Muchos hombres que parecen misóginos no son, en realidad, misóginos: conviene distinguir al verdadero misógino del que sólo quiere ser como Bukowski. ¿Y qué culpa tiene éste, si Bukowski era realmente un misógino? Probablemente ninguna culpa, más allá de la culpa por la necedad de cargar todo el peso de una obra en un único elemento constitutivo de la misma. Conviene insistir en este punto. 

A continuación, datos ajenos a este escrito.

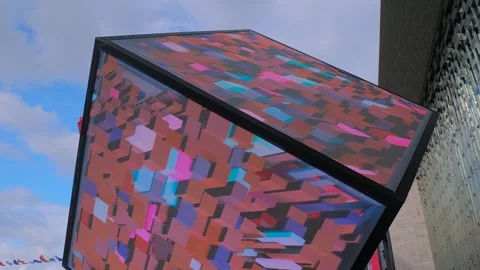Large LED cube with colorful visual show on screen walls: immersive art, day Stock Footage 344334635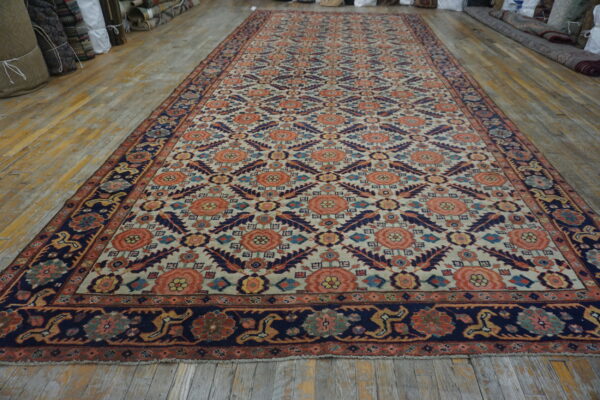 Long rug featuring coral, navy, and cream stylized floral patterns on rustic wood floor.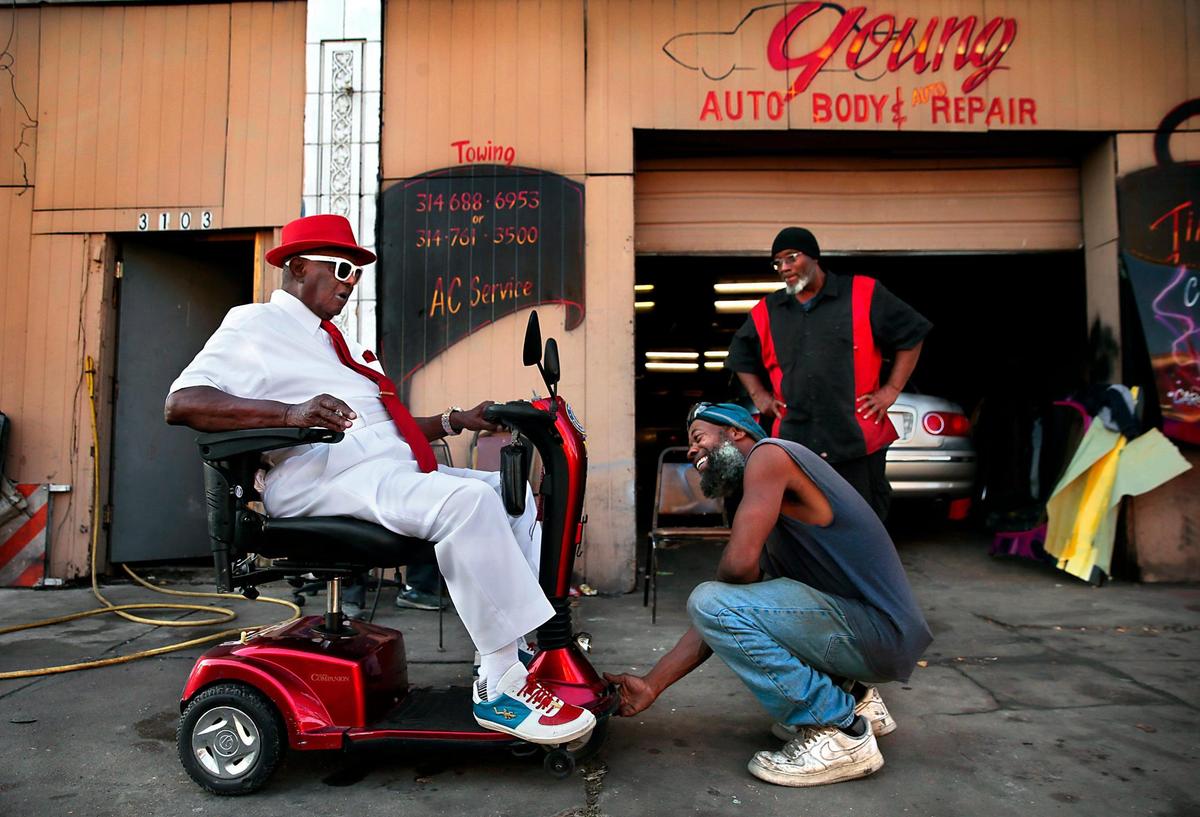 Kae Chris checks damage to the scooter of Robert Wallace, 85, as he stops by Young Auto Repair in the 3100 block of North Grand Boulevard on Wednesday, Oct. 7, 2020. The shop, which opened in 1977, is sandwiched between Bing Lau Chop Suey and and the former Bad Habitz Social Club, where shootings outside both businesses this year have left three men dead and four wounded. “We can’t even conduct business in a normal way without being worried about people carrying guns,” said Chris.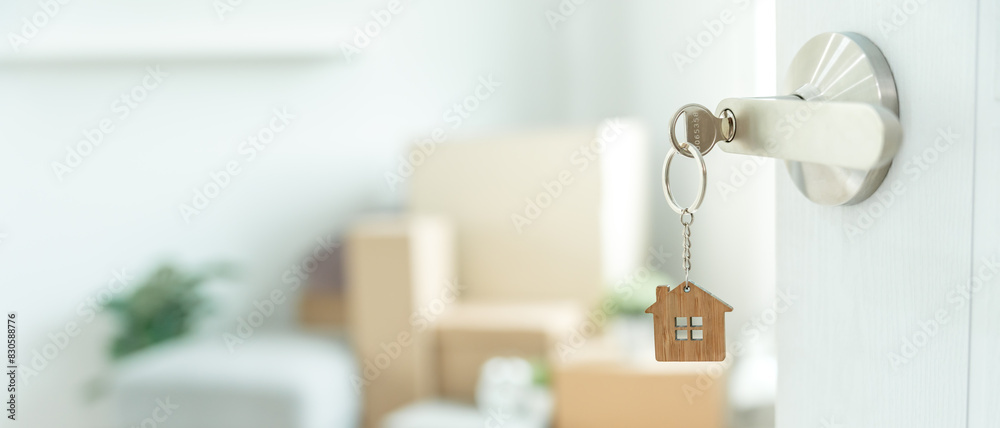 Fototapeta premium Moving house, relocation. The key was inserted into the door of the new house, inside the room was a cardboard box containing personal belongings and furniture. move in the apartment or condominium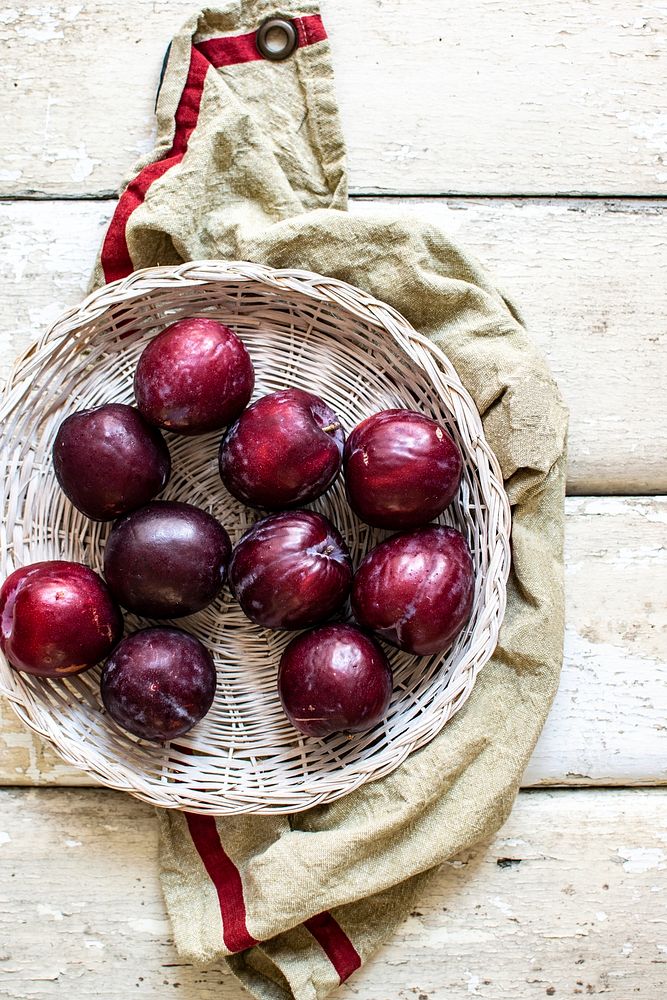 Oragnic plums in a basket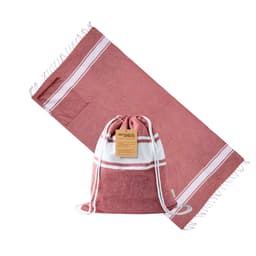 A maroon drawstring bag with a white stripe, positioned next to a matching maroon towel featuring fringed edges.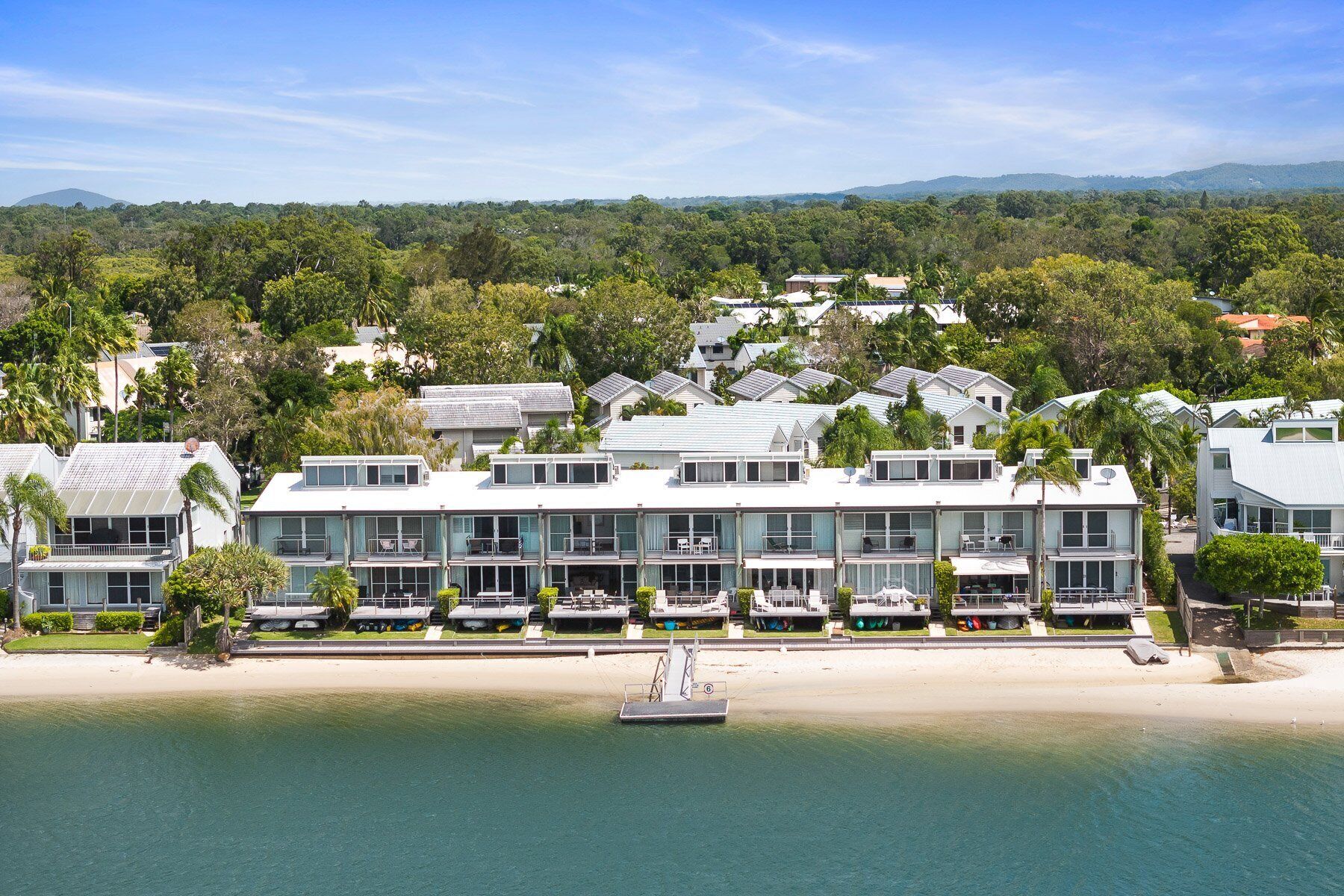 A beachfront hotel with multiple-story buildings, a sandy beach, and a clear view of the ocean.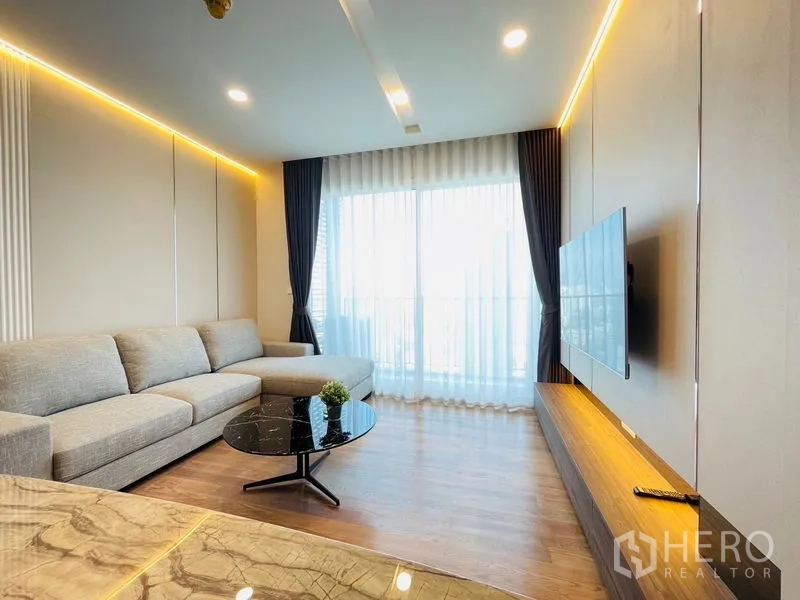 Condominium for rent in Khlong Toei, Bangkok - Bright living room with an L-shaped grey sofa, floor-to-ceiling windows, warm LED lighting and a wall-mounted TV in a modern Bangkok condo near BTS Thonglor.
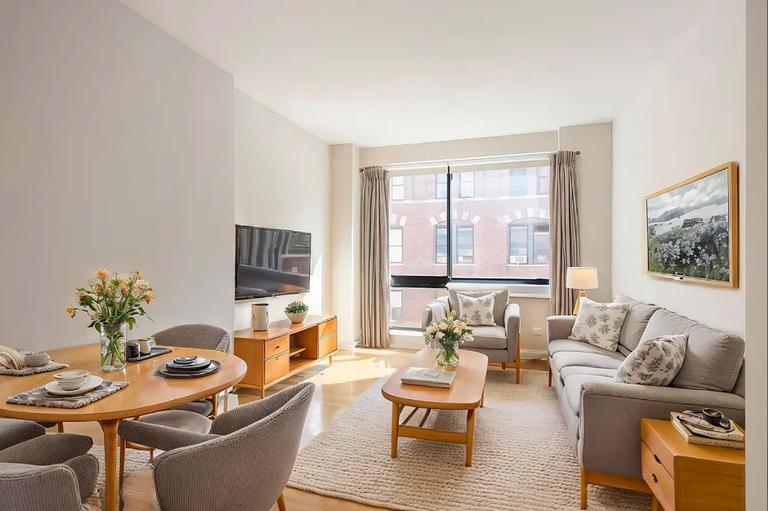 537 West 27th Street, Unit 2F Manhattan, NY 10001 - Photo 1 of 6 a living room with furniture and a flat screen tv
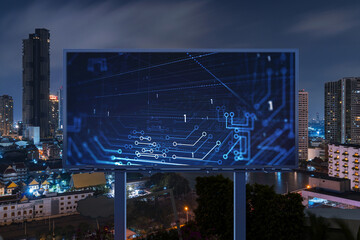 Information flow hologram on road billboard, night panorama city view of Bangkok. The largest...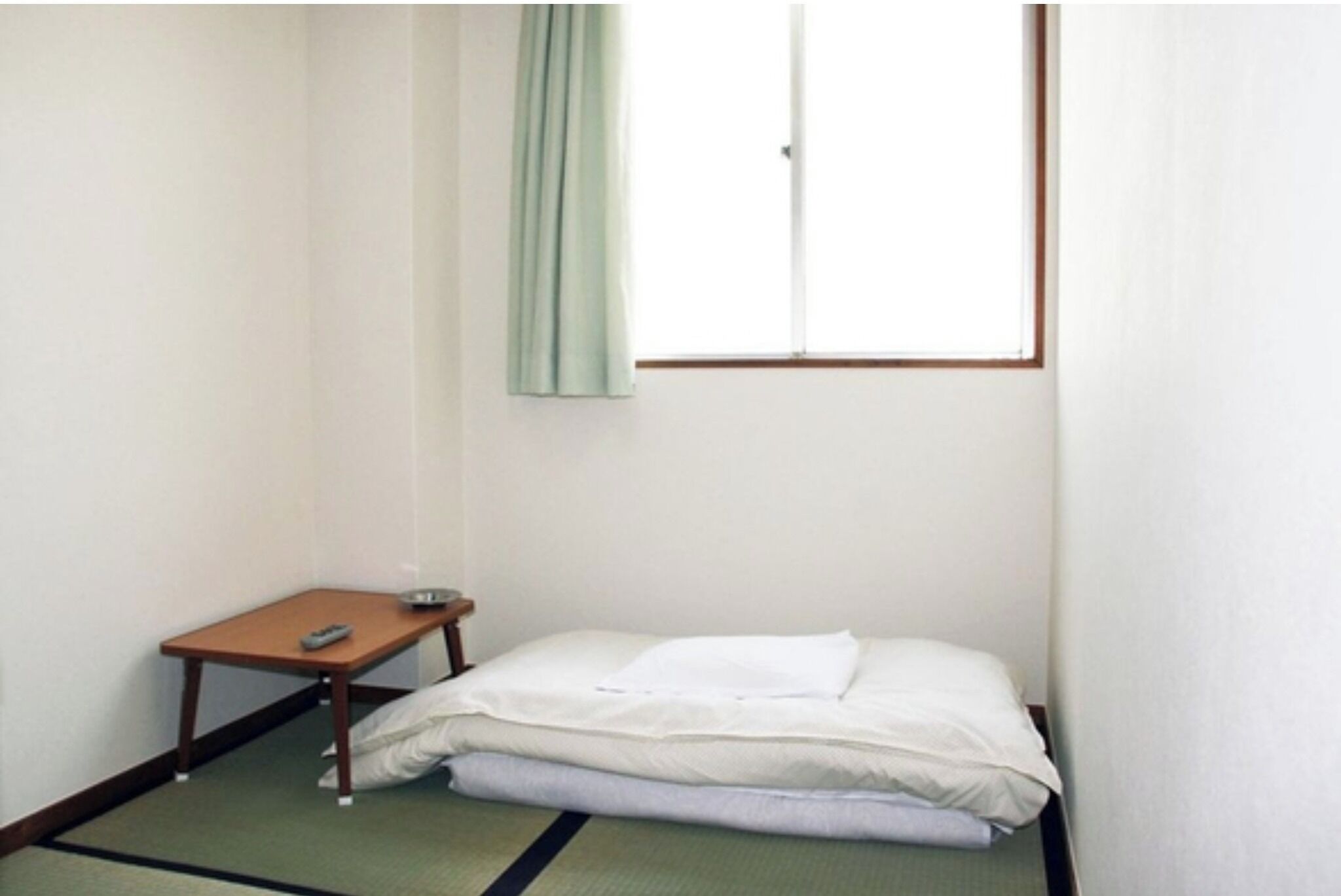 A small, sparsely furnished room with a single bed, a small table, and a window.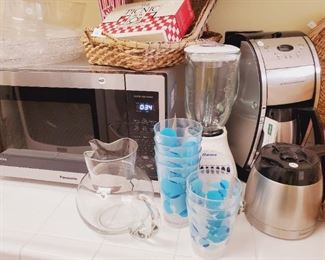 Panasonic 1200w microwave; Oster blender (1 of 2); Cuisinart Grind and Brew coffee maker and extra carafe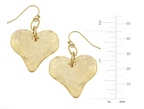 Gold heart-shaped earrings with a measurement scale on a white background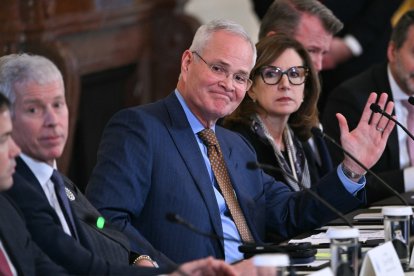 ExxonMobil CEO Darren Woods (C) attends a meeting with US President Donald Trump and oil company executives in the East Room of the White House in Washington, DC on January 9, 2026. President Trump is aiming to convince oil executives to support his plans in Venezuela, a country whose energy resources he says he expects to control for years to come. US forces seized Venezuelan president Nicolas Maduro in a sweeping military operation on January 3, with Trump making no secret that control of Venezuela's oil was at the heart of his actions. (Photo by Brendan SMIALOWSKI / AFP)
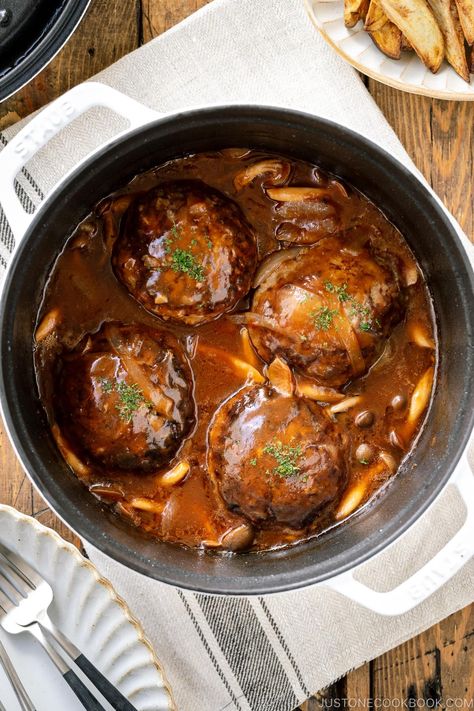 Japanese Stewed Hamburger Steak called Nikomi Hambagu is made with seared beef and pork patties cooked in a delicious wine-reduction gravy sauce along with mushrooms and onions, with an optional melted cheese on top. This Western-style Japanese hamburger steak is juicy, tender, and full of bold complex flavors. #hambagu #hamburgersteak | Easy Japanese Recipes at JustOneCookbook.com Easy Beef Tips, Japanese Hamburger Steak, Japanese Cookbook, Japanese Hamburger, Beef Tips Recipe, Pork Patties, Brazilian Steak, Hamburger Steak Recipes, Hamburger Potato Casserole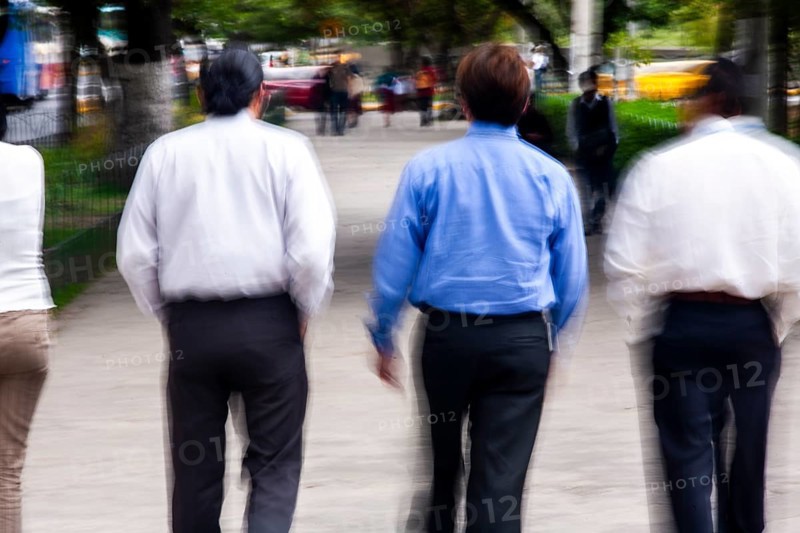Men walking in street, Photo with motion blur, City of Quito, Pichincha province, Ecuador, South America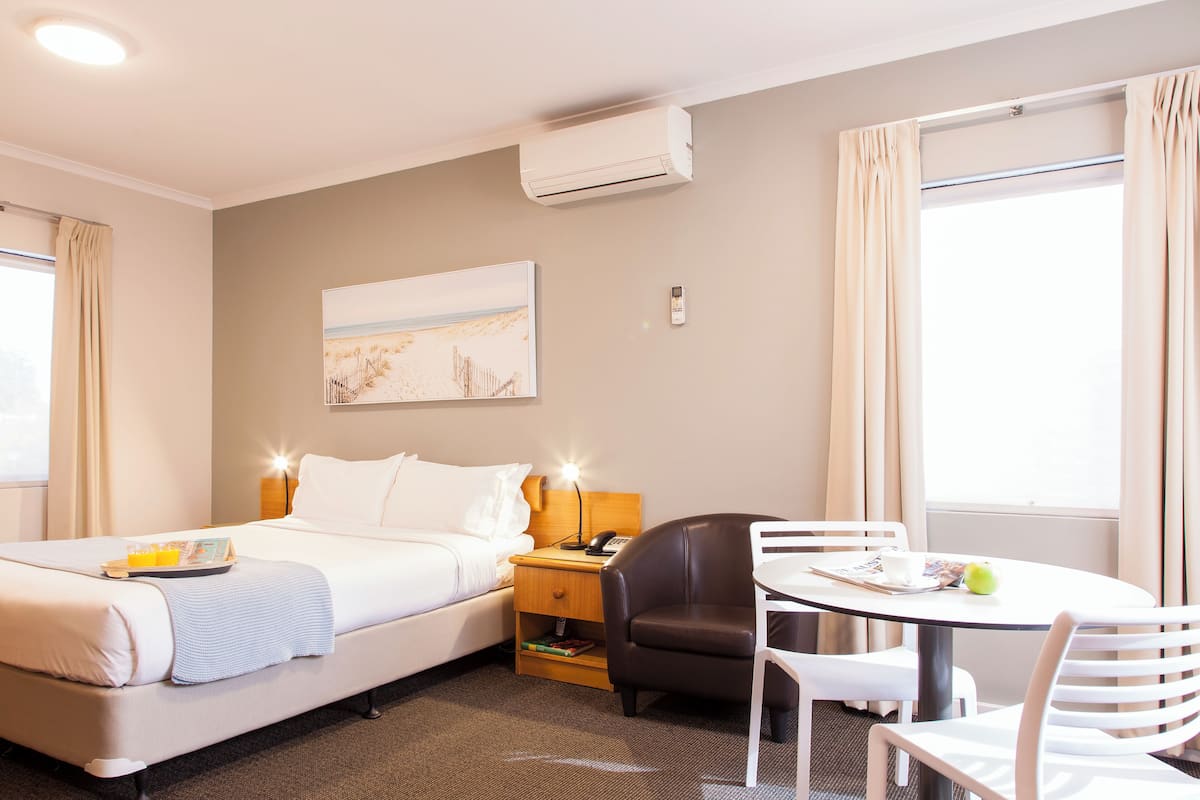 Ein Hotelzimmer mit Bett, Nachttisch, Lampe, Sessel und einem kleinen Esstisch mit Stühlen.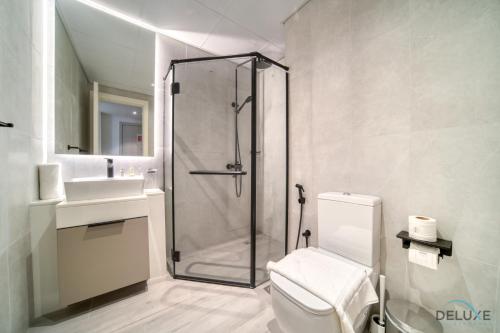 a bathroom with a shower and a toilet and a sink at Classic Studio at Mesk 1 Midtown Dubai Production City by Deluxe Holiday Homes in Dubai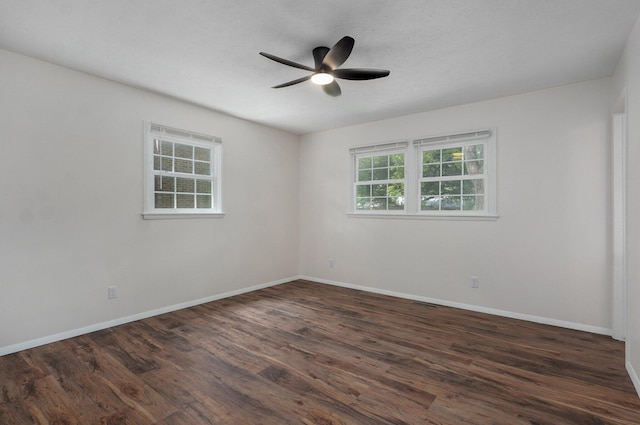 2411 S Rogers Ave, Springfield, MO 65804 - empty room featuring a ceiling fan, dark wood-style flooring, and baseboards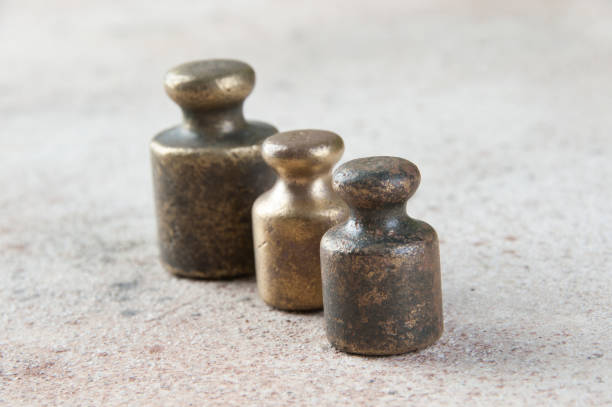 istock Three antique bronze weights for scales on concrete background. 1286689541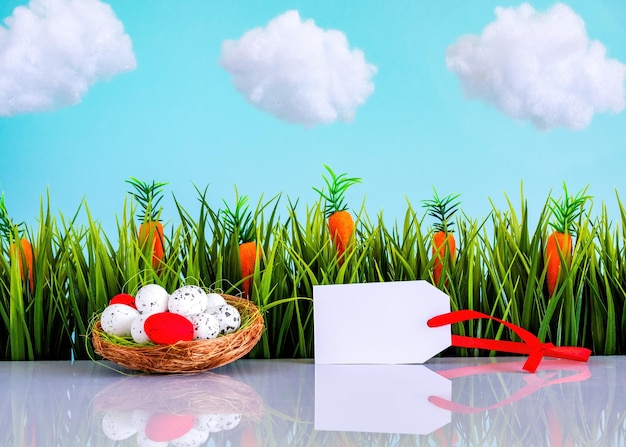 Easter background with colorful eggs green grass tag and blue sky with white clouds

Desconozco por qué nadie querría parecerse a Bukowski —ni siquiera Bukowski quería ser como Bukowski—. Una aberración alcohólica, escritor menor, pobre hasta los cincuenta, virgen hasta los veinticuatro, niño maltratado, obeso con marcas profundas de acné que sólo podía seducir a yonquis barriobajeras y discapacitadas. La única razón —razón majadera— para que alguien quiera ser como Bukowski, para implicarse en esa pose de poeta maldito misógino y decadente, es una idealización burda de la figura y de la obra de Bukowski, es creer que la obra de Bukowski es una imagen vacía que refleja una pretensión sin sustento. Es decir, que los imitadores de Bukowski son sus lectores más injustos, no tanto porque crean realmente que su obra es buena sino al contrario, porque creen que es mala —escogen lo peor de su obra y la reducen a un gesto ridículo que idealizan. Porque al igual que seguir a Nietzsche significa no haber comprendido a Nietzsche, imitar a Bukowski sólo en la medida de este esfuerzo de poeta maldito significa no haber comprendido a Bukowski.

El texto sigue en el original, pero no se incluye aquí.